## What needs to be done:
Make the copy match the entries below exactly, with no pictures carried over.

[Image-caption web data]
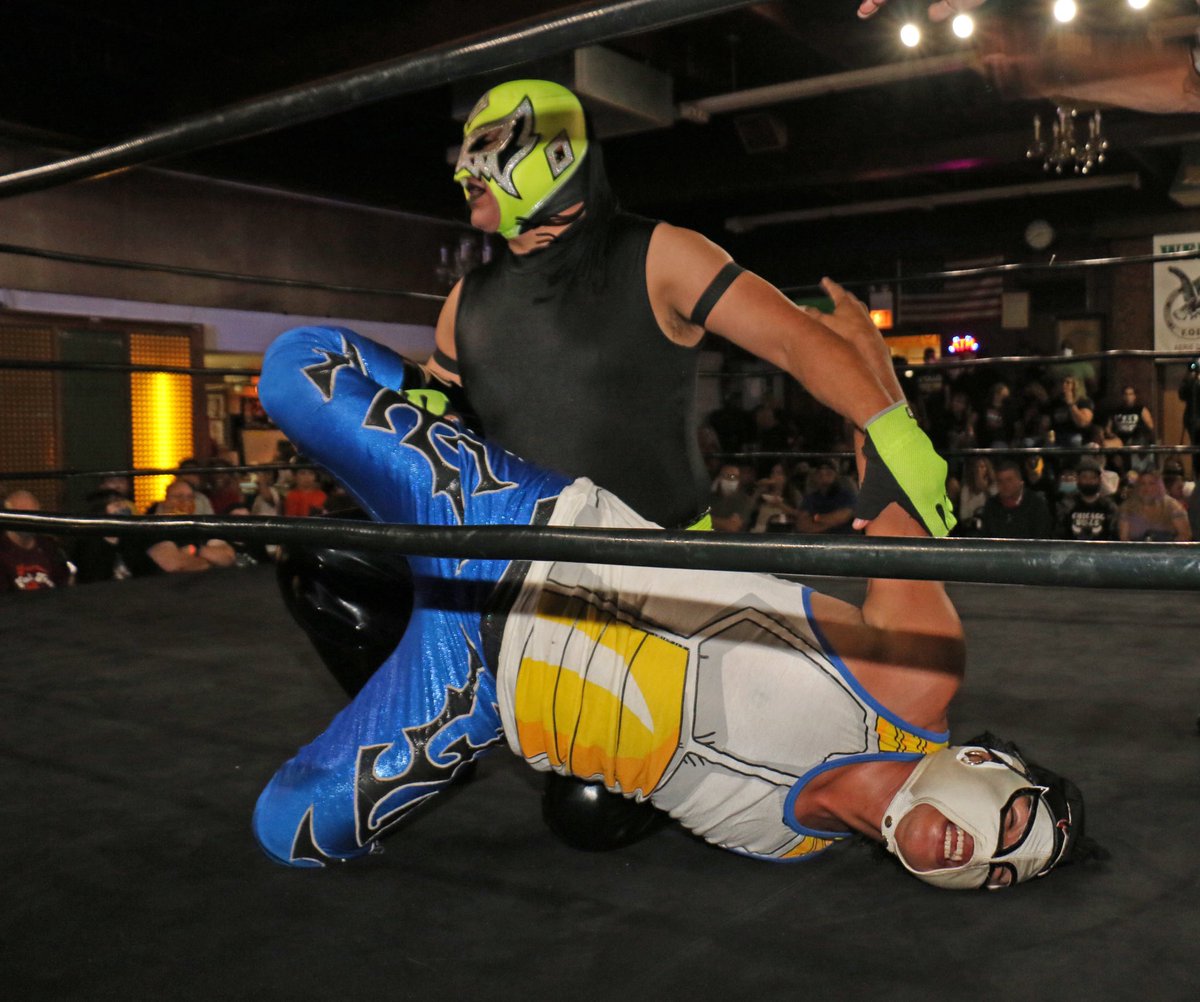 WindyCitySlam's tweet photo. First batch of photos from @BerwynCW “The Return” from Saturday night, including @ChicagoBearHug Steve Michaels, Yakuza, Disc Jocker Jr., @Shogun_Logan63, @OneManDynasty_ & @El_SazonAngel.
📸: @mikepankow/@windycityslam
#indiewrestling #ChicagoWrestling #BCWReturn #BCWReturns https://t.co/wNvEZJp6pL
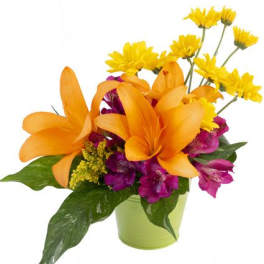 Life in Lilies Flower Arrangement
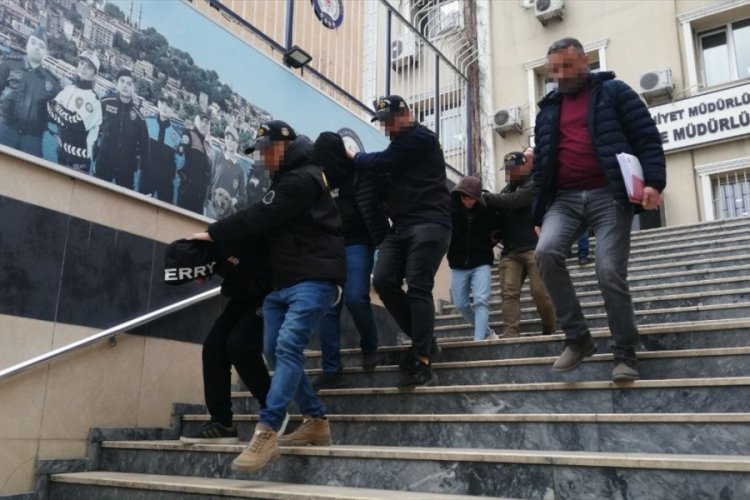 Galatasaraylı futbolcu Akt&uuml;rkoğlu'nun trafikte tartıştığı 4 kişi yakalandı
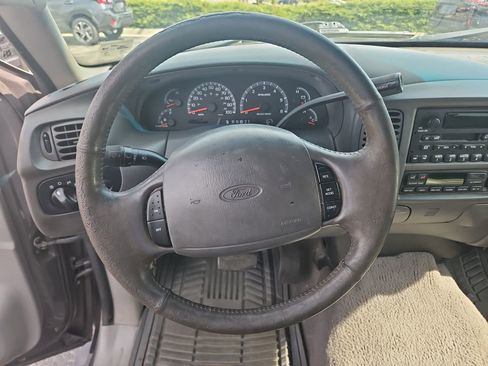 Used 2002 Ford F150 4x4 SuperCrew image 14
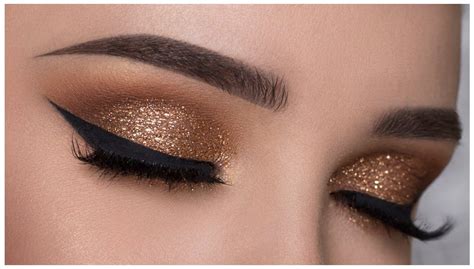Beautiful Smokey Eyes Makeup Ideas with cosmetics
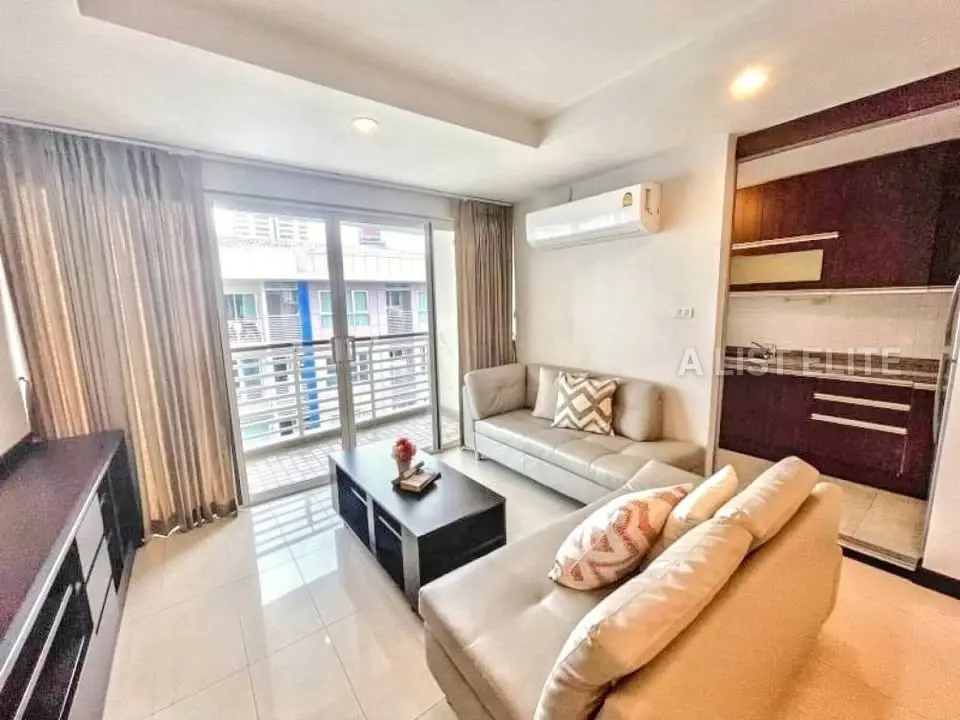 Condominium Avenue 61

## Exercise response:
 WindyCitySlam's tweet photo. First batch of photos from @BerwynCW “The Return” from Saturday night, including @ChicagoBearHug Steve Michaels, Yakuza, Disc Jocker Jr., @Shogun_Logan63, @OneManDynasty_ & @El_SazonAngel.
📸: @mikepankow/@windycityslam
#indiewrestling #ChicagoWrestling #BCWReturn #BCWReturns https://t.co/wNvEZJp6pL
 Life in Lilies Flower Arrangement
 Galatasaraylı futbolcu Akt&uuml;rkoğlu'nun trafikte tartıştığı 4 kişi yakalandı
 Used 2002 Ford F150 4x4 SuperCrew image 14
Beautiful Smokey Eyes Makeup Ideas with cosmetics
 Condominium Avenue 61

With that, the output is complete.